Pièce maîtresse de la stratégie du Qatar dans le sport, après le rachat du Paris SG, BeIn Sports est dotée de gros moyens et affiche de grandes ambitions. Al-Jazira a choisi la France comme porte d’entrée prioritaire de BeIn Sports sur le marché européen de la télévision sportive. Mais le Qatar a déjà lancé la chaîne dans plusieurs autres pays: aux Etats-Unis en août 2012, avec deux chaînes (en espagnol et en anglais), au Canada, en Indonésie et à Hong Kong, principalement. En France, BeIn Sports est diffusée sur câble, ADSL et satellite. Fort de 300 collaborateurs, en partie recrutés chez Canal+, le bouquet regroupe les chaînes BeIn Sports 1 et BeIn Sports 2, ainsi qu’un multiplex qui permet de couvrir des matches en simultané.
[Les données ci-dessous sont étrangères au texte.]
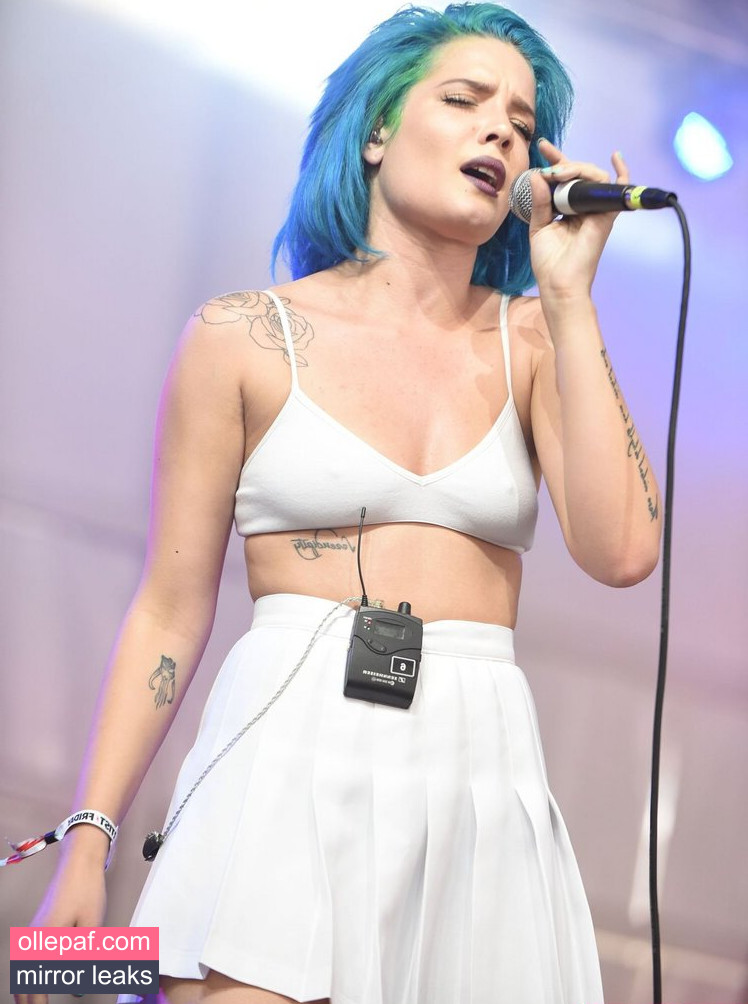 Latest Leaks Halsey Nude #665 - Fapello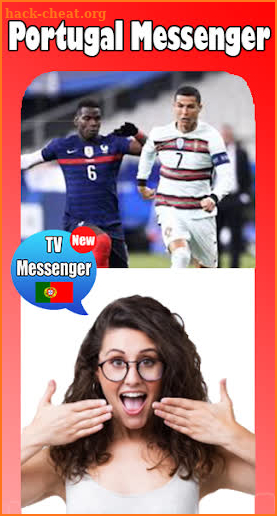 Chat for Portugal TV: Free Messenger screenshot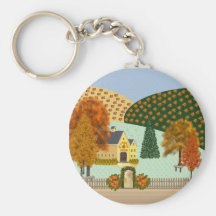 Pumpkin Hollow Keychain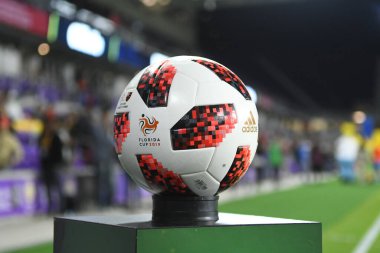 Ajax, Flemengo 'ya karşı Orlando City Stadyumu' nda 10 Ocak 2019.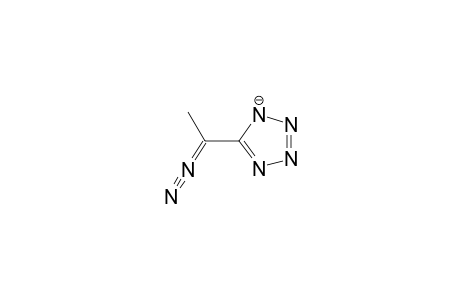 5-(ALPHA-1-DIAZOETHYLENE)-TETRAZOLIDE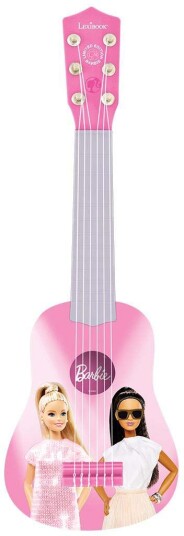 Barbie Min Første Gitar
Le réseau est dirigé par Florent Houzot, ex-directeur d’Infosport sur Canal+, qui a succédé en janvier 2013 à Charles Biétry, ex-directeur des sports de Canal+ et de France TV. 

Outre une partie des droits des matches de Ligue 1 pour 2012-2016 et l’intégralité des matches du Mondial-2014 de football, dont 36 en exclusivitésur 64, la chaîne a raflé en quelques mois de nombreux autres droits sportifs : l’Euro-2012 et l’Euro-2016 (qui sont aussi présents sur les chaînes en clair), le Mondial de handball, payé au prix fort, de grands championnats européens (Bundesliga 2012-2015, Liga 2012-2015), la Ligue des champions pour 2012-2015, et en tennis Wimbledon de 2014 à 2018 et le Masters, diffusés jusqu’ici par Canal+. La chaîne qatarie a également décroché les droits de sept des neuf tournois Masters 1000 de l’ATP (Monte-Carlo et Paris-Bercy exceptés), ceux des ATP 500 et une partie des ATP 250. 

Canal+ l’accuse de pratiquer une concurrence déloyale par des prix trop bas par rapport au coût de revient de sa grille, qui serait de 300 à 400 millions d’euros par an selon les analystes, pour des recettes de seulement 140 millions. Elle a déposé plainte en lui réclamant près de 300 millions d’euros. A l’inverse, BeIn a fait savoir qu’elle contestait «fermement» les conditions d’attribution à Canal des droits télévisuels du Top 14 de rugby en janvier. 

Selon une analyse de la banque Natixis, la chaîne qatarie reste lourdement déficitaire. Elle a vu ralentir son recrutement d’abonnés depuis quelques mois et pourrait donc se révéler très agressive lors des deux prochains appels d’offres du football, ceux de la L1 le 4 avril et de la Ligue des champions qui sera clôturé 7 avril, ce qui lui permettrait de largement dépasser les deux millions d’abonnés. Mais même dans ce cas, BeIn perdrait encore plus de 350 millions d’euros en France en 2014, selon la banque, après avoir déjà enregistré plusieurs centaines de millions de pertes depuis son lancement.